Drôle, touchant, Almodovar explore en profondeur la relation entre une mère et son enfant, sous toutes ses formes; fils perdu, mère absente, mère retrouvée, fausse parenté, grossesse physique ou spirituelle... Tout y passe, dans un scénario intelligent, rafraîchissant, tenu par d'excellentes actrices.
Almodovar has a rare ability to draw the most unlikely of strands together into a convincing whole. Like tectonic plates that should grate alarmingly, his synthesises of improbabilities, vulgarities and allusions work - not because of garish melodramatics (although they're frequently a treat) but that they're shot through - as here - with a very humane feeling for affinity and love. An earthy triumph.
This story, these themes (sexuality, transgender, identity, etc.) and these characters, bring to life something worthwhile - even if Almodovar’s ideas aren’t fully realized on screen.
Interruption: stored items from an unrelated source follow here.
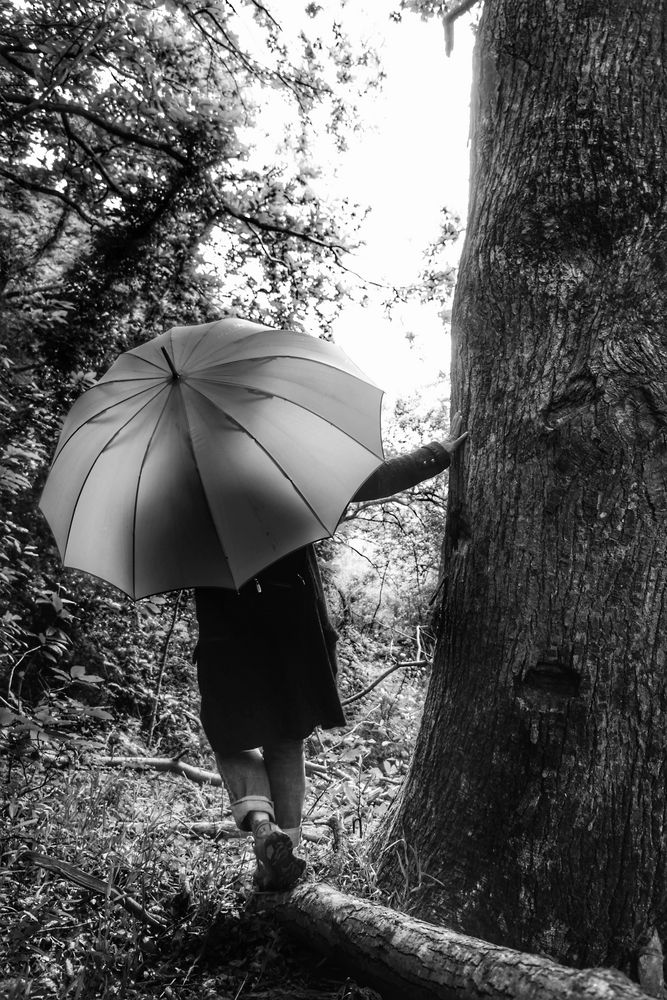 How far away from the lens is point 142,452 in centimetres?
237

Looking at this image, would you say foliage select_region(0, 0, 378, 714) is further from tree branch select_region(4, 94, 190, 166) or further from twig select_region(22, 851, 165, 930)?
twig select_region(22, 851, 165, 930)

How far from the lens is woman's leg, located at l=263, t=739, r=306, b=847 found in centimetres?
269

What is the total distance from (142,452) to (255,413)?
0.44 m

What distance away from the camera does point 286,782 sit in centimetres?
269

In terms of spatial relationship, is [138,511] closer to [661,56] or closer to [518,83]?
[518,83]

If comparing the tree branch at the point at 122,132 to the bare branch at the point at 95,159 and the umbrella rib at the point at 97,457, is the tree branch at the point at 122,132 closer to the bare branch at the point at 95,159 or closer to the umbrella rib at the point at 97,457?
the bare branch at the point at 95,159

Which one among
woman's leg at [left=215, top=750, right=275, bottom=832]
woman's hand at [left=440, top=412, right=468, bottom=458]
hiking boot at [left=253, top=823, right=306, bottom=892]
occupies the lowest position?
hiking boot at [left=253, top=823, right=306, bottom=892]

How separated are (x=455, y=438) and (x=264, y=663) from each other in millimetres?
1201

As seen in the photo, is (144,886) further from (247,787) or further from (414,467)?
(414,467)

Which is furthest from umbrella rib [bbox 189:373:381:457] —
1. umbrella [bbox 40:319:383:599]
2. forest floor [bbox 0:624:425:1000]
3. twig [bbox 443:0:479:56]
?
twig [bbox 443:0:479:56]

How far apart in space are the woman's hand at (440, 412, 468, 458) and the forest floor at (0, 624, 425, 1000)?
63.5 inches

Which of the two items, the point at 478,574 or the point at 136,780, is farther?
the point at 136,780

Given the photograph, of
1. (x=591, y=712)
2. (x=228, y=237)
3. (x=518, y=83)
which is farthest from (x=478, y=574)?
(x=228, y=237)

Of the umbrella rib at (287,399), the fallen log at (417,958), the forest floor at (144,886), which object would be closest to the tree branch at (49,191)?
the forest floor at (144,886) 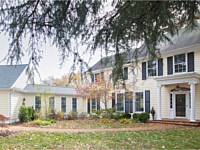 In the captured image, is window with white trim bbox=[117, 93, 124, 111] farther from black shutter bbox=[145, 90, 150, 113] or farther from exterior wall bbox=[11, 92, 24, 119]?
exterior wall bbox=[11, 92, 24, 119]

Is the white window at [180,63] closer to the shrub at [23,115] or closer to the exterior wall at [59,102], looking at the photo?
the shrub at [23,115]

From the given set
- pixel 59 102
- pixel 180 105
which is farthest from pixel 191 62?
pixel 59 102

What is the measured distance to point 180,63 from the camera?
18.5m

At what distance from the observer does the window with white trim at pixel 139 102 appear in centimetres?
2142

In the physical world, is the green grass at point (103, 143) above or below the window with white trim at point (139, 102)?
below

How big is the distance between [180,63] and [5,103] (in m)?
13.3

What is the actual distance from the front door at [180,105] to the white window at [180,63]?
1846mm

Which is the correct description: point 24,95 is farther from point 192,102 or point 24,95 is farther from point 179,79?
point 192,102

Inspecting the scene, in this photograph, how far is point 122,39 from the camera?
5.20 metres

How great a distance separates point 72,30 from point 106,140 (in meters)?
6.66

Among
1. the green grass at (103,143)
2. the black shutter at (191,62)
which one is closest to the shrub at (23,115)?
the green grass at (103,143)

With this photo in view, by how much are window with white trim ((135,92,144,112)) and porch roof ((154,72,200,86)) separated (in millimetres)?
2682

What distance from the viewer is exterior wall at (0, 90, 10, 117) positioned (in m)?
21.3

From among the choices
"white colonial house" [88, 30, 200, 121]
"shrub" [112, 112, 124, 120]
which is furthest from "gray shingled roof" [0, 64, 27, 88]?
"shrub" [112, 112, 124, 120]
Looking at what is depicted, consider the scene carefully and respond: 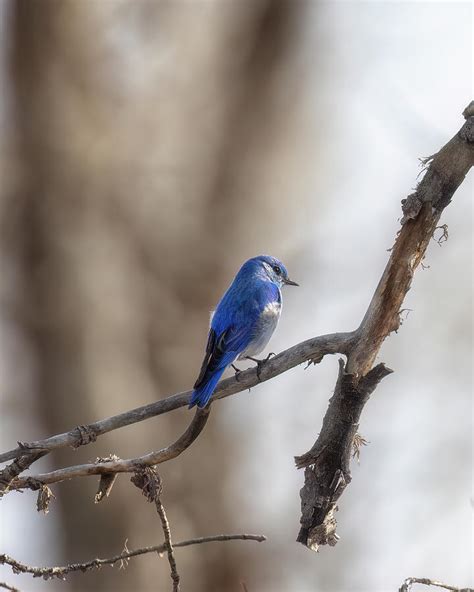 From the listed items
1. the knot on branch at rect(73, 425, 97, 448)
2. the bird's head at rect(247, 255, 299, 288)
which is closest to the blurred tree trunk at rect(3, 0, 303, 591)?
the bird's head at rect(247, 255, 299, 288)

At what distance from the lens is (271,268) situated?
208 inches

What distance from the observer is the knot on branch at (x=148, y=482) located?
284cm

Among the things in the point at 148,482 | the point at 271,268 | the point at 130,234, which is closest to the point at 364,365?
the point at 148,482

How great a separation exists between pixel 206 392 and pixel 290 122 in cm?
674

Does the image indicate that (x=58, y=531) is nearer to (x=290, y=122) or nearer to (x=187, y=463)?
(x=187, y=463)

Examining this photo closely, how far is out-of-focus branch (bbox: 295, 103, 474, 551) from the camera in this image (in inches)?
111

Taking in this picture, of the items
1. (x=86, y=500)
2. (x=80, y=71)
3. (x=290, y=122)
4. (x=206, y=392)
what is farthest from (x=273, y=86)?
(x=206, y=392)

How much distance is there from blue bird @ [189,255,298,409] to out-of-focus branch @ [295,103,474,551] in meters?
1.13

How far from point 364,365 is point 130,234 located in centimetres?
610

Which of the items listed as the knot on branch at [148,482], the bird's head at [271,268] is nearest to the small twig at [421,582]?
the knot on branch at [148,482]

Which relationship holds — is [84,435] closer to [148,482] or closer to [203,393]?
[148,482]

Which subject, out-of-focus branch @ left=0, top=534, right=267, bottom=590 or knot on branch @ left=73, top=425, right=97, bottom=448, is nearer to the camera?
out-of-focus branch @ left=0, top=534, right=267, bottom=590

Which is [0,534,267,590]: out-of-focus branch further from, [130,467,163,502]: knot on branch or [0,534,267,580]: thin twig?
[130,467,163,502]: knot on branch

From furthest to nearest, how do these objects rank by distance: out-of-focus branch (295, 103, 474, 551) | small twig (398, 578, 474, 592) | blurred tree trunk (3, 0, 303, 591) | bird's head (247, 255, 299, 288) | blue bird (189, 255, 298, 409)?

The scenes that work are in and around the stage - this is where the weave of fiction and reality blend the most – creating the surreal both in character and story but emboldened by the lighting and scene design
Almodovar’s melodramas succeed because of their emotional honesty. They are the highest form of Spanish soap operas. Improbable, over the top things happen, but because of the commitment to the characters, story, and style, it works on the feelings without being corny or sappy. Maybe it’s because Almodovar is touching on real humanities.
What I love about Almodovar films is it's unpredictability. You just float to wherever the plot takes you and trust that he delivers every single time! His formula: Strong female leads, great acting, complex plot and colourful cinematography that keeps you indulged from start to finish.
Almodovar's love letter to the various sides of womanhood. What struck me, seeing this film in a packed house at the Metrograph, is how the heroines dabble in different societal roles for women—nurse, mother, whore, nun, diva—but are still defined by their individuality, bonding in a microcosm where men are scarcely present. The other coup is the balance of tones; mixing comedy with an HIV diagnosis takes skill.
So good. Loved Agrado so much, for me she's kinda of a source of life in the movie. The scene where she takes the stage and talks about her life was amazing. I love Almodóvar, and I think that he did great in this movie in particular, cause you can finally feel the weight and reality of the characters in a different - but better - way.